For the construction of negative samples, we selected a variety of land cover types that are commonly confused with cultivated land in remote sensing classification, including forests, grasslands, barren land, water bodies, urban areas, and wetlands58. These negative samples were carefully selected from diverse geographic regions across Xinjiang to encompass a wide range of non-cultivated land types with spectral characteristics similar to cultivated land, thereby enhancing the model’s ability to distinguish non-cultivated areas. To mitigate potential class bias during training, several strategies were adopted to improve the fairness and robustness of the learning process. Specifically, we employed an iterative optimization approach to progressively incorporate representative negative samples during the training of the models59. Meanwhile, we maintained a balanced distribution of negative sample types, ensuring that each category contained at least three base samples. In addition, data augmentation techniques, including geometric transformations such as flipping and rotation, were applied to the negative samples to enhance sample diversity and mitigate the risk of overfitting, thereby improving the robustness of the model60.
Figure 7 shows the sample distribution, with points spread widely across different regions, particularly near key areas and characteristic points. This sampling strategy reflects the diversity of the data and aims to ensure that the model can be trained under variable environmental conditions, thereby improving its generalization ability. Regional differences have been thoroughly taken into account during the sample selection. Thus, 114 samples were chosen from northern Xinjiang, and 90 were selected from southern Xinjiang, demonstrating a prudent consideration of geographical and cultivated land characteristics.
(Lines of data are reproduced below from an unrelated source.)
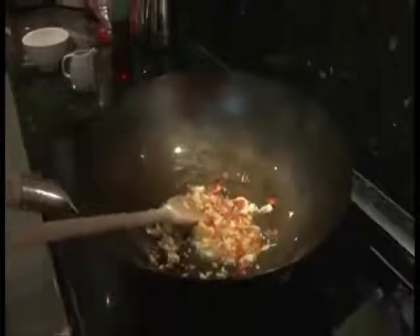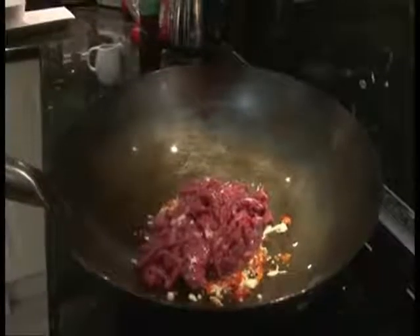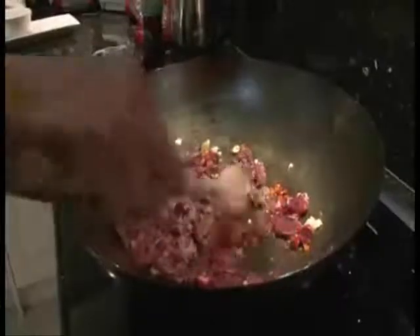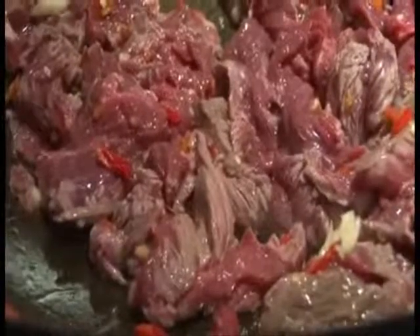Fry it a little bit until you get a little bit of aroma, until it's soft. Now you can throw in the meat. Very simple, isn't it? You can see the texture of the kangaroo meat is beautiful — it looks yummy already.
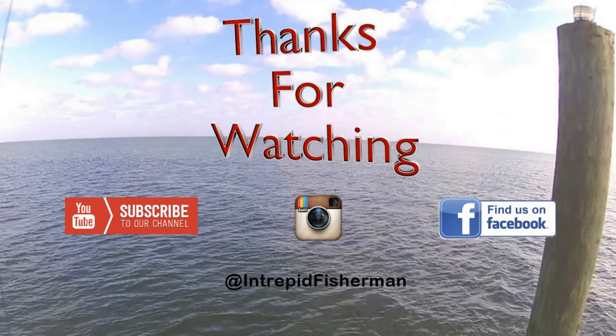As always guys, thanks for watching. Please remember to subscribe, like the video, share it with your friends. I really do appreciate all of you guys watching and sharing these videos - I'll see you next time.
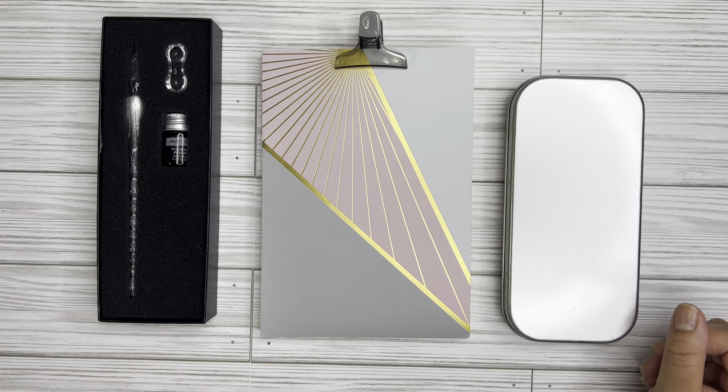Hello, this is Shantae with Simply Shantae Renee. Thank you so much for stopping by my channel today. If you are new here, welcome, welcome, welcome. If you are returning, thank you so much for coming back for another video.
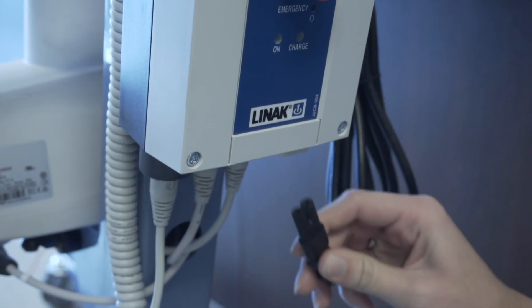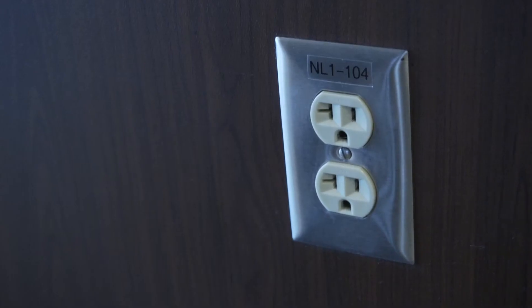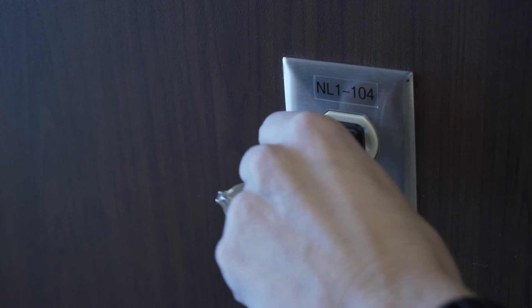To charge the battery, plug the AC power cord into the bottom of the control box and plug the other end into a wall outlet.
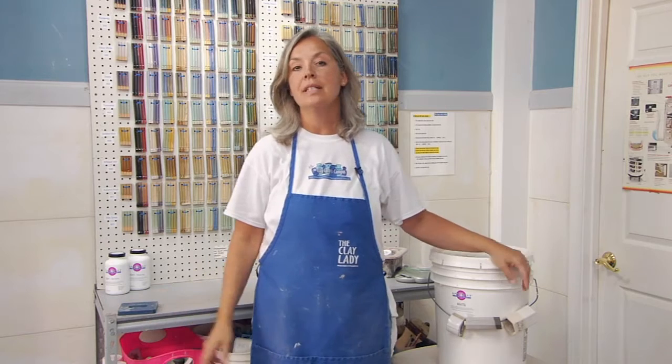Hi, I'm Danielle the Clay Lady. Welcome to my studio on the Clay Lady's campus in Nashville, Tennessee. Today's lesson is going to be how to create a glaze chart.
To train the models, we adopted an iterative optimization strategy to gradually enrich the sample set and improve model performance. During training, the Adam optimizer was used, with an initial learning rate set to 5 × e−5, a batch size of 2, and 100 training epochs, while an early stopping strategy was applied to prevent overfitting. To further optimize the training process, we introduced a learning rate decay schedule, gradually reducing the learning rate as training progressed. To increase sample diversity and mitigate overfitting, a suite of data augmentation techniques—including geometric transformations such as horizontal flipping, vertical flipping, and random rotation—was applied60. Given the high cost and labor intensity of manual annotation, an overlapping cropping strategy with 20% overlap was employed to maximize the effective utilization of annotated regions and reduce labeling waste. All training patches were uniformly resized to 512 × 512 pixels to maintain consistency across the dataset.
To validate the effectiveness of the constructed dataset, we randomly selected 26 test samples (shown in Fig. 7), covering a total cultivated land area of 65,306.19 hectares and comprising 4,973 parcels. The sample size further demonstrates the diversity and representativeness of the selected samples, enabling comprehensive inference and validation of the dataset’s effectiveness.
Pixel-level accuracy comparison
In the pixel-level accuracy comparison, precision evaluation involves quantifying the intersected area corresponding to the True Positive (TP) pixel count. This is combined with the cumulative sum of TP, False Positive (FP), and False Negative (FN) pixels. Specifically, TP represents the pixels correctly identified as cultivated land, FP refers to those incorrectly classified as cultivated land, and FN indicates the misclassified non-cultivated land pixels. Five standard metrics are used for the evaluation: precision, recall, F1 score, intersection over union (IoU), and overall accuracy (OA)53,54. More specifically, precision reflects the false alarm rate, and recall reflects the false positive rate of the model.On the other hand, F1 considers both indices; therefore, a more significant score indicates a better model. IoU measures the overlap ratio between the detected class on the detection map and the ground truth, serving as a critical metric for evaluating spatial resolution accuracy. OA refers to the overall accuracy of pixel classification. It represents the proportion of correctly classified samples among all samples. The higher the OA value, the more accurate the classification results. The calculation methods for these five metrics are as follows:
The results are shown in Table 3. The table presents multi-dimensional evaluation metrics that reflect the performance of the model. Specifically, the precision is 91.40%, demonstrating that the model effectively minimizes false positives, thereby reducing the likelihood of misclassifying non-cultivated pixels as cultivated land. The recall rate for the test set is 97.26%, indicating that the model successfully identifies the most cultivated pixels. The F1 score reaching 94.17% signifies that the model has effectively balanced the two aspects, representing a superior overall performance. The IoU is 89.11%, reflecting the model’s high spatial accuracy in pixel recognition. In addition, the OA of 94.69% indicates the model’s overall classification accuracy at the pixel level, ensuring strong reliability in practical applications. However, we recognize that the model’s performance is, to some extent, limited by the intrinsic characteristics of remote sensing imagery in the Xinjiang region. Specifically, the 10-meter spatial resolution of Sentinel-2 imagery may be inadequate for reliably distinguishing between spectrally similar land cover types in certain areas, leading to the occurrence of mixed pixels—where a single pixel contains spectral information from multiple categories61. Furthermore, in parts of southern Xinjiang, cultivated land exhibits pronounced spatial heterogeneity, characterized by intercropping practices, sparse vegetation cover, and fragmented field patterns. Collectively, these factors introduce considerable challenges to achieving accurate pixel-level classification across the region, particularly in areas with indistinct boundaries or complex agricultural structures.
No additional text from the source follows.